Ein anderer Fall ist Friedrich Panzinger. Als hoher Gestapo-Funktionär führte er 1943 eine Einsatzgruppe im Baltikum, die KZ-Häftlinge liquidierte. Wie aus Akten der CIA hervorgeht, wurde er nach dem Krieg zunächst von den Sowjets gefangen genommen. Diese ließen ihn 1956 jedoch frei - mit dem Auftrag, für sie die Deutschen auszuspionieren. Zurück im Westen enthüllte Panzinger der Organisation Gehlen den sowjetischen Plan und wurde fortan als Doppelspion unter deutscher Führung gegen die Sowjets eingesetzt. 1959 wollte ihn das bayrische Justizministerium für seine Kriegsverbrechen zur Rechenschaft ziehen. Doch Panzingers Verhaftung unterblieb zunächst, weil sich die Organisation Gehlen für ihn einsetzte. Als er wenig später doch verhaftet wurde, beging er Selbstmord in seiner Zelle.

Wilhelm Harster

In anderen Fällen gibt es bislang lediglich starke Indizien für eine Zusammenarbeit ranghoher früherer Nationalsozialisten mit dem deutschen Geheimdienst. So zum Beispiel bei dem ehemaligen SS-Kommandeur Wilhelm Harster, der während des Dritten Reichs in seiner Funktion als Befehlshaber von SD und Sicherheitspolizei in den Niederlanden und in Italien die Deportation tausender Juden ins KZ mitplante und durchführte.

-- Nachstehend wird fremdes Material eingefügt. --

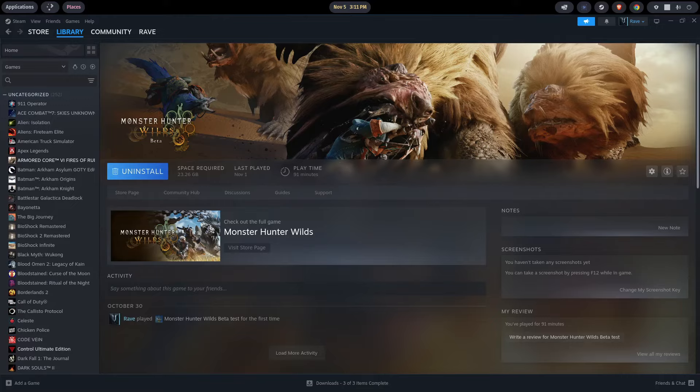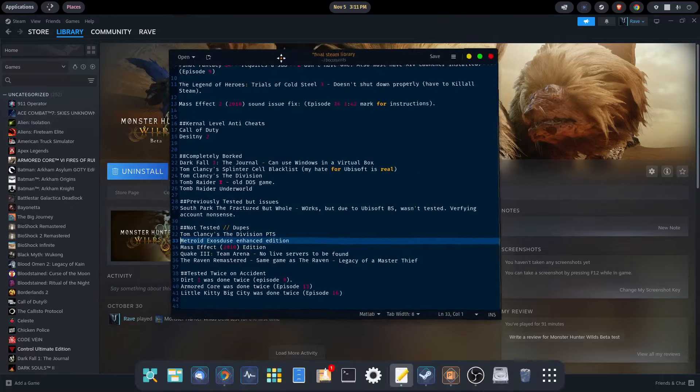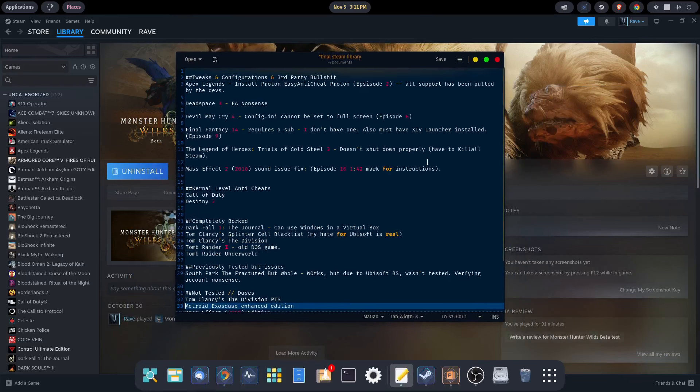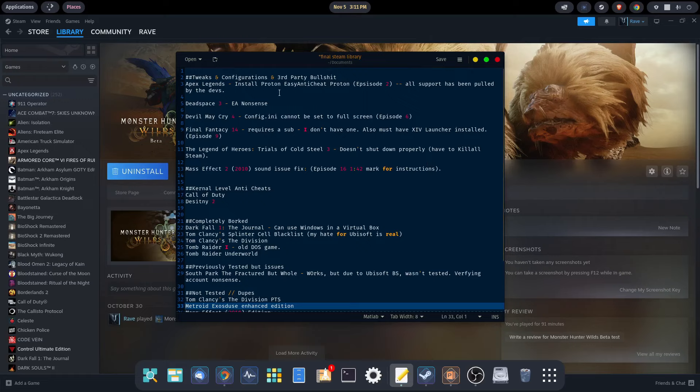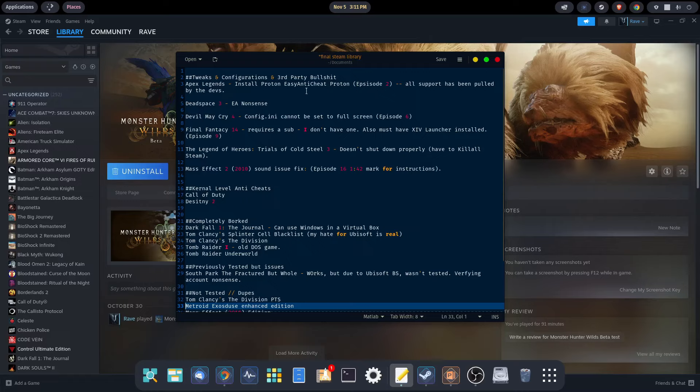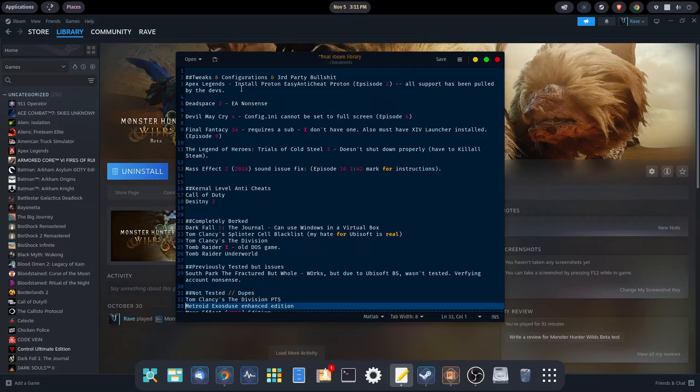Let's take a look at the actual numbers. Of the six games that required some type of tweaking or configuration, the first one was Apex Legends. That required the installation of Proton EZ Anti-Cheat. Keep in mind that the developers for this game have pulled all support from Linux, so it's no longer going to work. Supposedly due to the amount of cheating, which I think is nonsense.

In den CIA-Akten ist die Zahl von 104.000 Juden genannt, an deren Tod sich Harster mitschuldig gemacht haben soll. Die Akten sprechen auch davon, dass Harster nach dem Krieg mit dem BND kooperiert - wenn auch nicht als offizieller Mitarbeiter. So soll er zumindest viele seiner SS-Kontakte an den deutschen Geheimdienst weiter geben haben. Bis zu welchem Grad der BND unter Reinhard Gehlen ihn und andere Nazi-Verbrecher beschäftigt hat, ist noch unklar. Die Unabhängige Historikerkommission will Licht in diese Sachverhalte bringen. Ihre endgültigen Ergebnisse werden allerdings frühestens 2015 erwartet.